■ Information supplied
'''

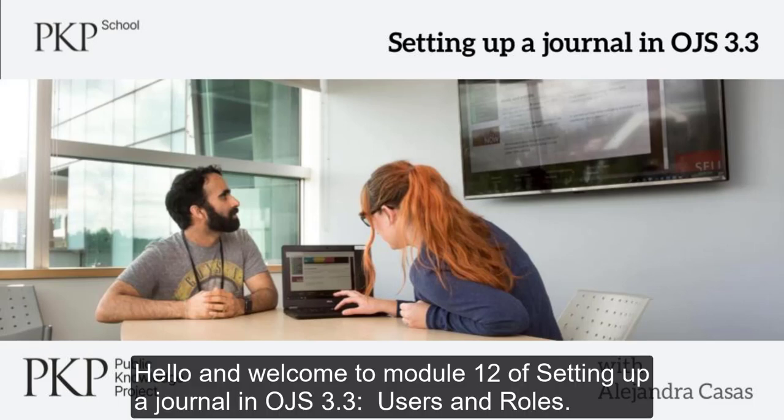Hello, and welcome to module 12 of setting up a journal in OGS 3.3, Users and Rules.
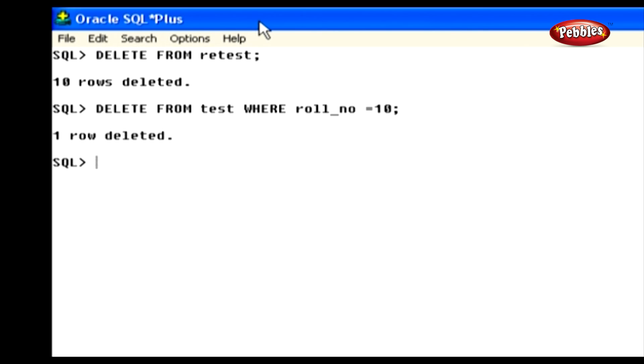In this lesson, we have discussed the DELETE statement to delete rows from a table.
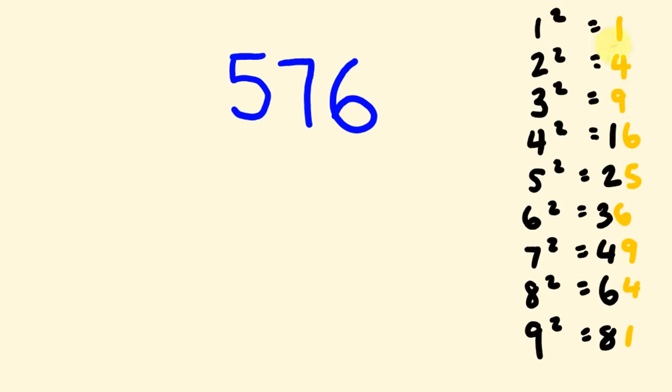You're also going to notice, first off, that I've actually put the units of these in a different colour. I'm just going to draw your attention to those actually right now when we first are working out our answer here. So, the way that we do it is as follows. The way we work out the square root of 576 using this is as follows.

'''
'''

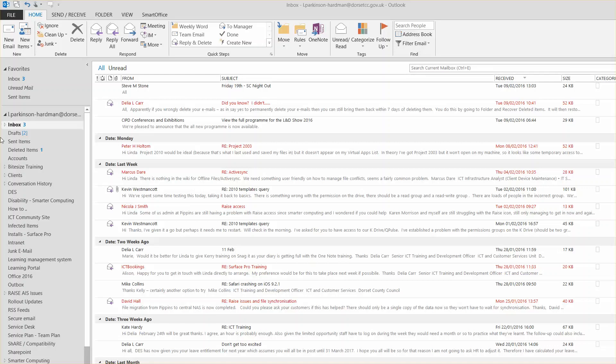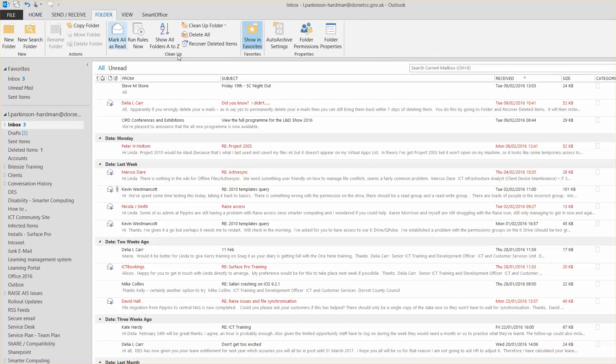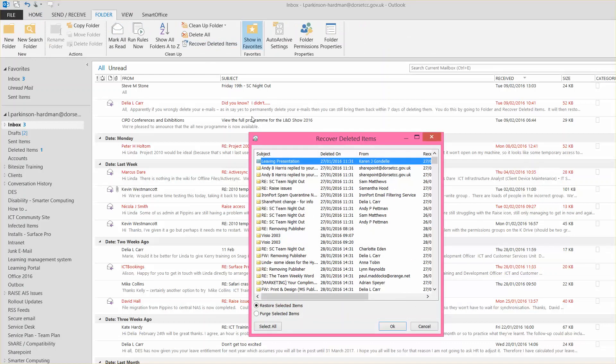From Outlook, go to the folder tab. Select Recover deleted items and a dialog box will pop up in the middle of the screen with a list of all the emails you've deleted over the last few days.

'''

■ Work instructions
Working from the records above, set down word for word everything from the line containing "Hello, and welcome" down to the line containing "You're also going", ends included, minus the pictures.

■ Result
Hello, and welcome to module 12 of setting up a journal in OGS 3.3, Users and Rules.
In this lesson, we have discussed the DELETE statement to delete rows from a table.
You're also going to notice, first off, that I've actually put the units of these in a different colour. I'm just going to draw your attention to those actually right now when we first are working out our answer here. So, the way that we do it is as follows. The way we work out the square root of 576 using this is as follows.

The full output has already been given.